Sophie Zhang’s presentation, “How can learning about ethics help high school students inside and outside of school?”

While philosophy has its own uphill battle agains the cult of STEM (and FYI, philosophy and STEM shouldn’t be rivals at all, so this means we’re doing STEM wrong!), biblical studies is much further down the hill when it comes to attracting enough young people to do a conference like this one. There are a few reasons.

First, philosophy is far more accessible. Yes, the Bible can be found anywhere but good tools for studying the Bible are difficult to find. Where I live in San Antonio, it’s difficult to keep up with current biblical scholarship because there are few libraries who do. For example, when I lived in the San Francisco Bay Area, I could spend a day at the Flora Lamson Hewlett Library at the Graduate Theological Union in Berkeley. There were a ton of resources there. But San Antonio has nothing quite like this. While I know there are topics within analytic philosophy (e.g. philosophy of mind) that share similar limitations when it comes to resources and that prevent entry by people who can’t keep up with the quickly unfolding literature on the topic, there’s so much more than you can do under the purview of “philosophy” than you can under “biblical studies”.

Kate Given’s presentation, “Transforming Classroom Conversation with Philosophy”

Second, and this is related, you can philosophize from anywhere about anything at any time. There’s the story of how Raymond Aron was sitting with Jean-Paul Sartre and Simone de Beauvoir at the Bec-de-Gaz bar in Paris in 1932-33 drinking apricot cocktails when Aron, who had been studying the “phenomenology” of Edmund Husserl, told Sarte and Beauvoir, “if you are a phenomenologist, you can talk about this cocktail and make philosophy out of it!” (See Sarah Bakewell’s The Existentialist Café: Freedom, Being, and Apricot Cocktails, pp. 1-3.) I can philosophize about friendships, education, music, movies, traffic, city planning, travel, etc. I can do biblical studies with regard to the Bible and the reception history of the Bible, which is extensive but also limited in comparison.

Third, as I’ve discussed recently, biblical studies are less attractive to young people because the Bible is becoming less attractive to young people.
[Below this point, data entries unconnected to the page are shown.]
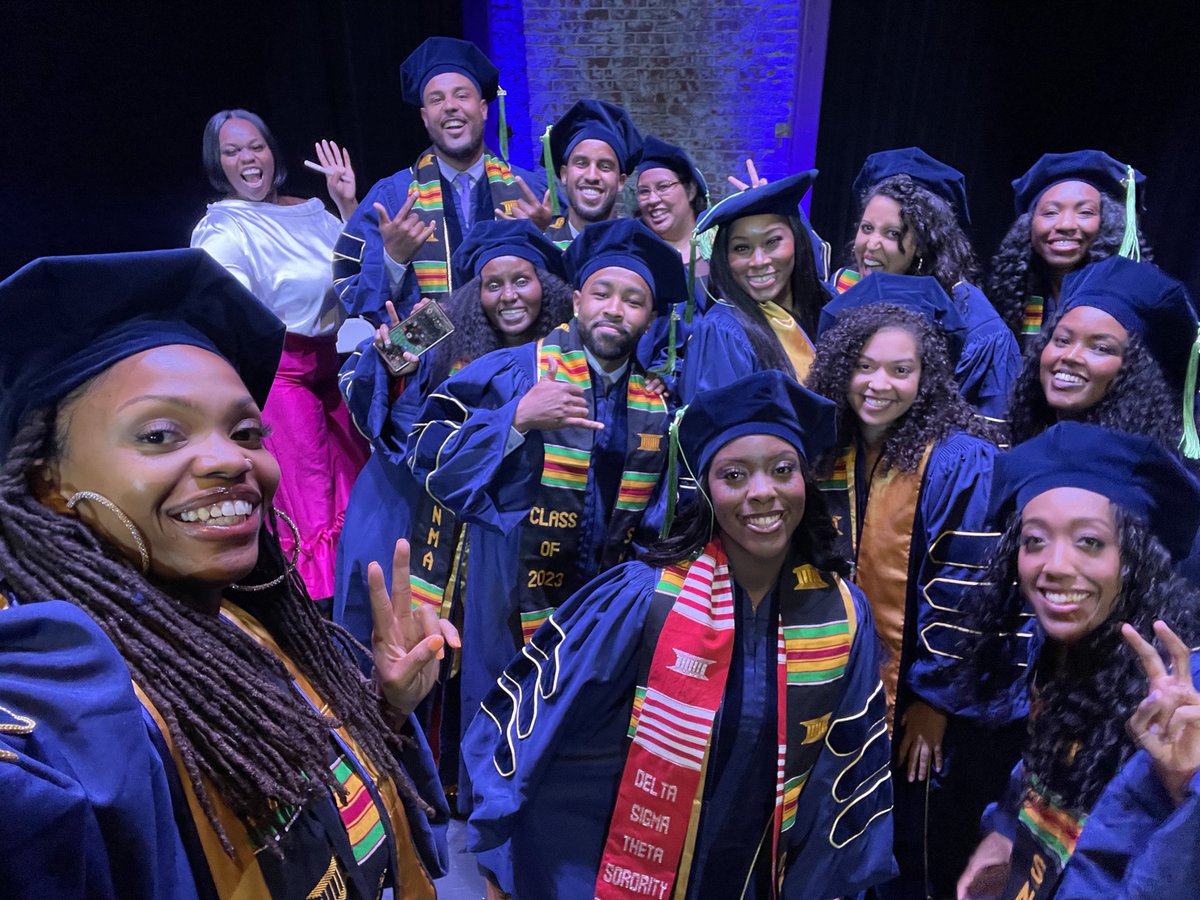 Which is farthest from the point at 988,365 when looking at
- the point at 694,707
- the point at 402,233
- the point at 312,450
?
the point at 312,450

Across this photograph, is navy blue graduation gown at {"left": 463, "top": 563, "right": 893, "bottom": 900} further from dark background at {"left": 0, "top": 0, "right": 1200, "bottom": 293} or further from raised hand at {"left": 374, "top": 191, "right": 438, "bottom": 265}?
→ dark background at {"left": 0, "top": 0, "right": 1200, "bottom": 293}

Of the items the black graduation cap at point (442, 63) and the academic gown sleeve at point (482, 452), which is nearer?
the academic gown sleeve at point (482, 452)

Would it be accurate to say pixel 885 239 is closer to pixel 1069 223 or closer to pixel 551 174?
pixel 1069 223

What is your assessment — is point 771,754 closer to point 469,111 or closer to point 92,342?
point 92,342

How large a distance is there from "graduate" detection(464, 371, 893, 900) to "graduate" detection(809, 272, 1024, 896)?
449 millimetres

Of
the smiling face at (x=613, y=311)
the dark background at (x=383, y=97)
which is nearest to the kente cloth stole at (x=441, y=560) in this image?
the smiling face at (x=613, y=311)

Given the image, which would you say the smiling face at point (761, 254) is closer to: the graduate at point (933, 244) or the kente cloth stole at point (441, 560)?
the graduate at point (933, 244)

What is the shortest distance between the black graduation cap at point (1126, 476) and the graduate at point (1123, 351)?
689mm

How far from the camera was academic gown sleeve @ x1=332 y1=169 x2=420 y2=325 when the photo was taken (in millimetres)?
3535

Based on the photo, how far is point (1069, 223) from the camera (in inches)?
131

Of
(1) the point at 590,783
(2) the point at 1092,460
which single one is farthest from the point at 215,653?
(2) the point at 1092,460

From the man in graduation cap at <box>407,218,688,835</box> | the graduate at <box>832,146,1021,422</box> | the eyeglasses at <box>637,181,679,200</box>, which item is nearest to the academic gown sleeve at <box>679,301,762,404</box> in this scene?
the man in graduation cap at <box>407,218,688,835</box>

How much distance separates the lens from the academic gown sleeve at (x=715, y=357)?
2.94 metres

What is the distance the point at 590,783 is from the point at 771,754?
1.49 feet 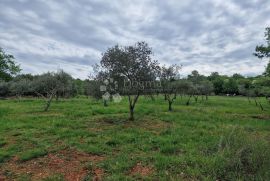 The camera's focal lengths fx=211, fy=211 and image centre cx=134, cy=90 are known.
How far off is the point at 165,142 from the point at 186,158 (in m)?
2.02

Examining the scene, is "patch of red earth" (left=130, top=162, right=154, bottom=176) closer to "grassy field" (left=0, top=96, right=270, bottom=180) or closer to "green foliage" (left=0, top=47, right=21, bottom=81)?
"grassy field" (left=0, top=96, right=270, bottom=180)

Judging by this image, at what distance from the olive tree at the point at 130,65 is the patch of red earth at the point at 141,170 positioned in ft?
27.3

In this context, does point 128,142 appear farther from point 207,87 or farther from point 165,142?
point 207,87

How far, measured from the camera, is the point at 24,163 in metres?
6.75

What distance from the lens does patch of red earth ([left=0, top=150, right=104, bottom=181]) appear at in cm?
589

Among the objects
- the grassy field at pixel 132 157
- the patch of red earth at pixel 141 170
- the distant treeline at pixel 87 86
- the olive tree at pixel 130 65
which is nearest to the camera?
the grassy field at pixel 132 157

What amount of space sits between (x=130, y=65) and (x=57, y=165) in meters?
8.44

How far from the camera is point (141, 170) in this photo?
606 cm

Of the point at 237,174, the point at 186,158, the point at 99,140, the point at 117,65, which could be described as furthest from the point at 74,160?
the point at 117,65

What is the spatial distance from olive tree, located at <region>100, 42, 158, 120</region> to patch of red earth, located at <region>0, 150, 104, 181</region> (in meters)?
7.33

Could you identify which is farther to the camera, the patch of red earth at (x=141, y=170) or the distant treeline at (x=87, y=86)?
the distant treeline at (x=87, y=86)

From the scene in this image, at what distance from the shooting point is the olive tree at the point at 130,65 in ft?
44.8

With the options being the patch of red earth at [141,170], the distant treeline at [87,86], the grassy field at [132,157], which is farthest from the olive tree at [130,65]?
the patch of red earth at [141,170]

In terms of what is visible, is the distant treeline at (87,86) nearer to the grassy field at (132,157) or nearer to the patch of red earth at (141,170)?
the grassy field at (132,157)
We’re in the midst of a cultural shift away from Christianity, so there’ll be fewer people reading the Bible in the future. Teens are philosophizing all the time, whether or not they’re aware of it. Teens aren’t reading the Bible all the time. You would know it if you’re were doing it! What it means to study the Bible is a more restricted activity.

If we’re to create a conference on biblical studies that includes high school participants, we’d have a fourth and final obstacle: philosophy has a rational air about it. When people encounter the Bible prior to reading it in an academic context, the vibe is something like “devotional”. How a conference for high school readers of the Bible wouldn’t devolve into a series of devotionals or apologetics is something that would need to be discussed. Religious studies may have more promise here. (In other words, something connected with the American Academy of Religion.)

That being said, it was wonderful to see a conference like this one. Kudos to PLATO and their Student Advisory Council. I hope to see future conferences like this one!